(Caption-style text data)
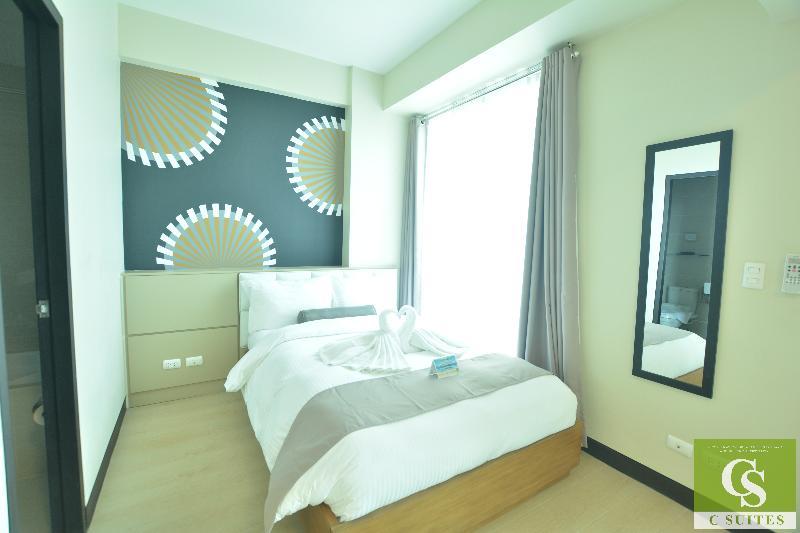 C Suites At Mactan Newtown Мактан Экстерьер фото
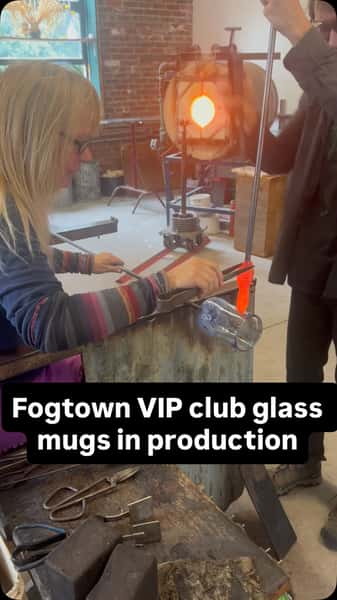 How lucky are we to have such amazing artists in our community?!
Glass mugs now in production for this year’s Fogtown VIP Mug Club. Made by the wonderful artisans at @glassbyperrin & featuring @elsewernerglass
Available this Saturday at FOGTOBERFEST
Learn more: fogtownbrewing.com
#artglass #mugclub #acadianationalpark #oktoberfest #fogtoberfest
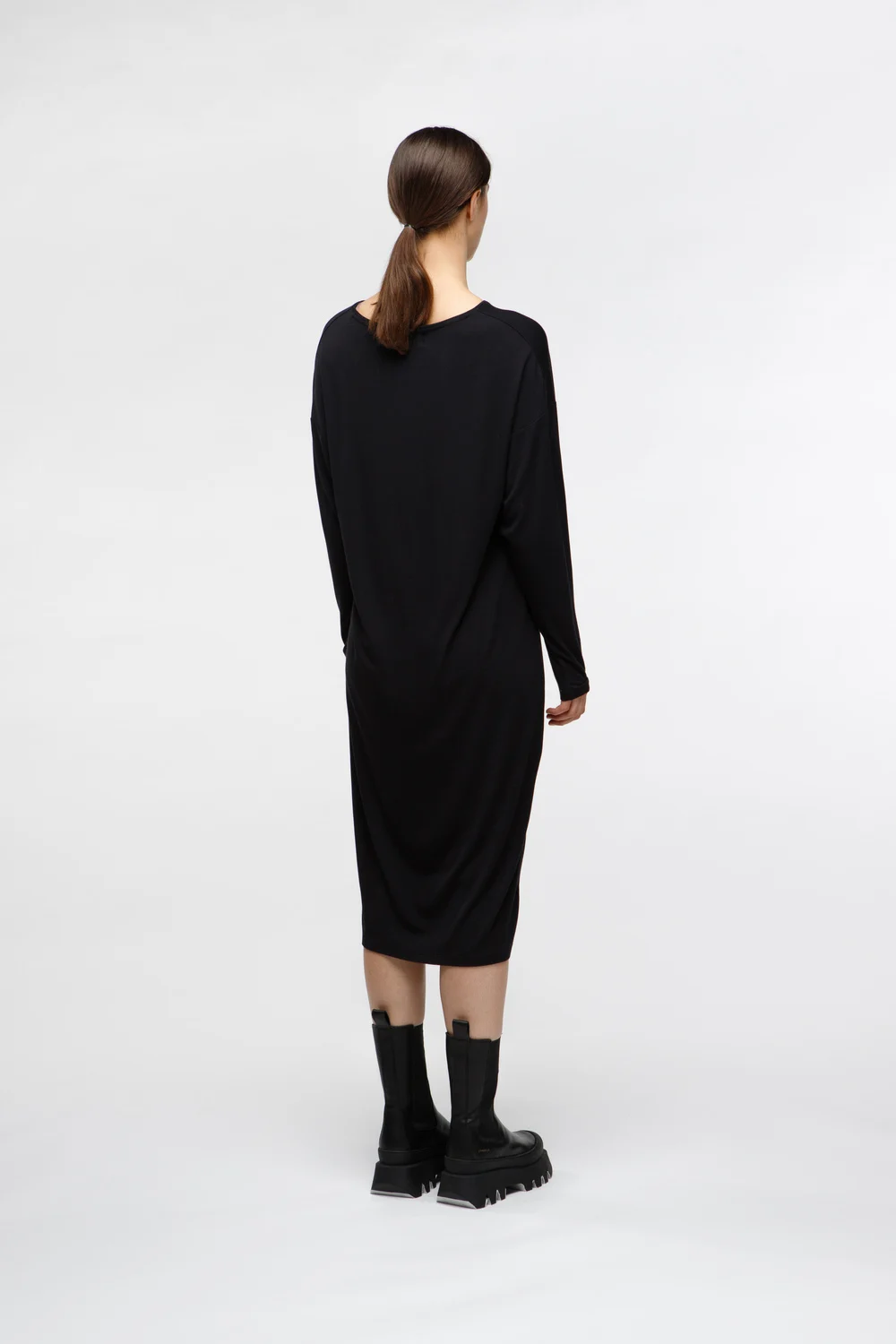 227_34fca534e1-aw22-kt-42826-35-full-2x3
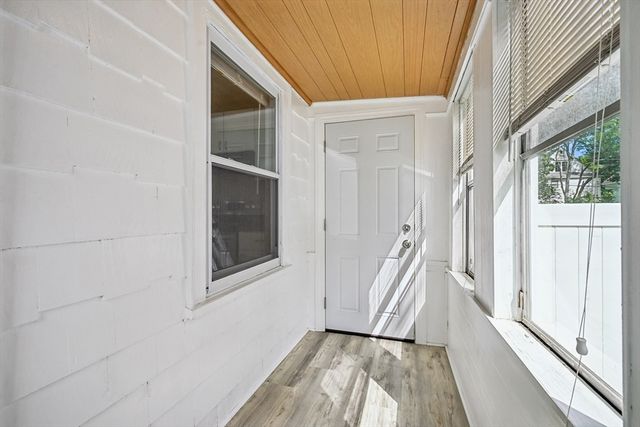 19 Walworth Street, Worcester, MA 01602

## Exercise requirements
Word for word, output the lines from the line bearing "227_34fca534e1-aw22-kt-42826-35-full-2x3" through the end of the records above, and only those, without the pictures.

## Problem solution
 227_34fca534e1-aw22-kt-42826-35-full-2x3
 19 Walworth Street, Worcester, MA 01602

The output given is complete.